I have mentioned before on this website that I am a bit of a “wuss”when it comes to ghost stories. So I must admit as I entered the Hawth Theatre in Crawley last night to watch two ‘classic’ ghost stories it will come as no surprise to you that there were butterflies dancing in my stomach.
First on the bill was ‘Oh Whistle, and I’ll come to you, my Lad’ by M. R. James which is a traditional creepy ghost story with ‘things that go bump in the night’ together with a few squeals from the audience. The story is set in a hotel on the English coast at the turn of the last century where an elderly gentleman, Professor Parkins (Jack Shepherd) arrives for a golfing holiday. Whilst walking on the beach he happens upon an old bone whistle. Intrigued by it he picks it up and takes it back to the hotel. Later, whilst discussing his find with golfing partner Colonel Wilson (Terrence Hardiman) he blows the whistle where he sparks of a chain of supernatural events.
The play started slowly and lulled me into a false sense of security. It bumbled along, rather like it’s two main characters until the tension started to mount and there were certainly a few surprises that had me gripping my seat. Extra effects were cleverly projected onto a big screen at the back of the stage however it was the eerie goings on in the Professor’s bedroom that had us all spooked.
I thoroughly enjoyed Margaret May Hobbs’ adaptation of “Oh Whistle, and I’ll come to you, my Lad” and it left me wanting more. I did feel that there may have been more to M. R. James’ story as there were many questions left unanswered about who the spectre was and the ultimate fate of Parkins – but maybe we are meant to stay in the dark.

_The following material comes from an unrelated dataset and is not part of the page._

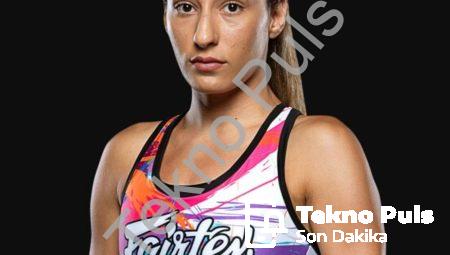 Aydınlı Nefise Delikurt Avrupa İkincisi Unvanını Kazandı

The second play was ‘The Signalman’ written by Charles Dickens and adapted by Francis Evelyn. As the curtain rose the audience got their first surprise. During the interval there had been the most amazing scene change. There was no trace of the seaside hotel but in it’s place was a dark railway cutting and a railway signal box at the end of a long tunnel.
It wasn’t only the scenery that was different. The whole play had a different feel to it. This time Hardiman plays a railway enthusiast who stumbles across the signalman (Shepherd) working diligently in his signalbox.
It becomes apparent that the signalman is troubled and over the course of the next two evenings tells the traveller of an apparition that appears at the end of the tunnel warning of impending disaster. On two occasions accidents have struck after the Signalman saw the ghost and now the ghost is appearing again. The Signalman is afraid and doesn’t know what to do. Does the ghost really appear or are the sightings in his mind? The audience is left to decide.
Both Oh Whistle, and I’ll come to you my Lad and The Signalman unquestionably complimented each other. They were both so different in their approach and beautifully executed. Shepherd and Hardiman bring their wealth of acting experience to their roles in both plays and are ably supported by a small supporting cast who as well as playing the supporting roles make all the special effects work like clockwork.
Terrence Hardiman told me that often people favour one play over the other, it was certainly the case between myself and my companion last night, although we both favoured different plays, we both found them to be very enjoyable .
With each play being under an hour long Michael Lunney has directed and designed a clever gem of an evening out that draws the audience in slowly and then leaves them hankering for more.
Classic Ghosts is produced by Middle Ground Theatre Company and is playing at the Hawth Theatre in Crawley until Saturday. It then continues on it’s tour for another three weeks to Brighton, Chelmsford and Jersey.